It starts with buying a specific firearm. Each handgun is submitted on its own form. Each purchase of a shotgun or shotguns gets submitted on a different form.

Once the purchase is made, the store’s salesman will ask for a driver’s license. If the address on the license isn’t current, that’s enough to deny the purchase. Got an unpaid speeding ticket or a failure to appear? That’s enough for the Justice Department to deny a firearm purchase too.

Once the basic “where do you live” type information is entered on the form, you’ll be asked what race you are.

First, there’s a place to indicate if the purchaser is Hispanic or not. Then a second question to indicate what race the purchaser is, if not Hispanic.

Answers to those questions aren’t grounds for denying a firearms purchase.

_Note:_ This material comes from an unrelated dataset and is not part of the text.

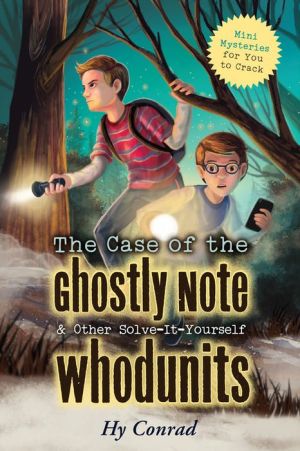 The Case of the Ghostly Note & Other Solve-It-Yourself Whodunits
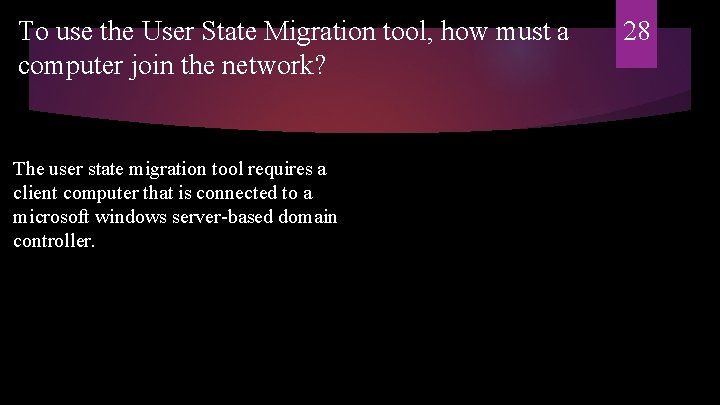 To use the User State Migration tool, how must a computer join the network?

But the answers to the next series of questions on the form is. These are questions about criminal history: Have you ever been convicted of a felony of a crime that could carry a sentence of a year or more? Have you ever been found mentally unstable in a court?

Once you’ve answer those questions and a few more on the form, the seller of the firearm will ask similar question, verbally.

“Are you a threat to yourself or others?” Greg Raabe of Shooters Warehouse asked when Fox40 reporter Ben Deci went through the background check.

All the information he collected goes to the Department of Justice. They have 10 days to deny the application.

No new is good news, Raabe said. He said applications are denied quite frequently.

“It’s a system that works,” Raabe said.

But it’s not a system that federal law currently requires at gun shows. And that puts brick-and-mortar store like Shooters Warehouse on unequal ground.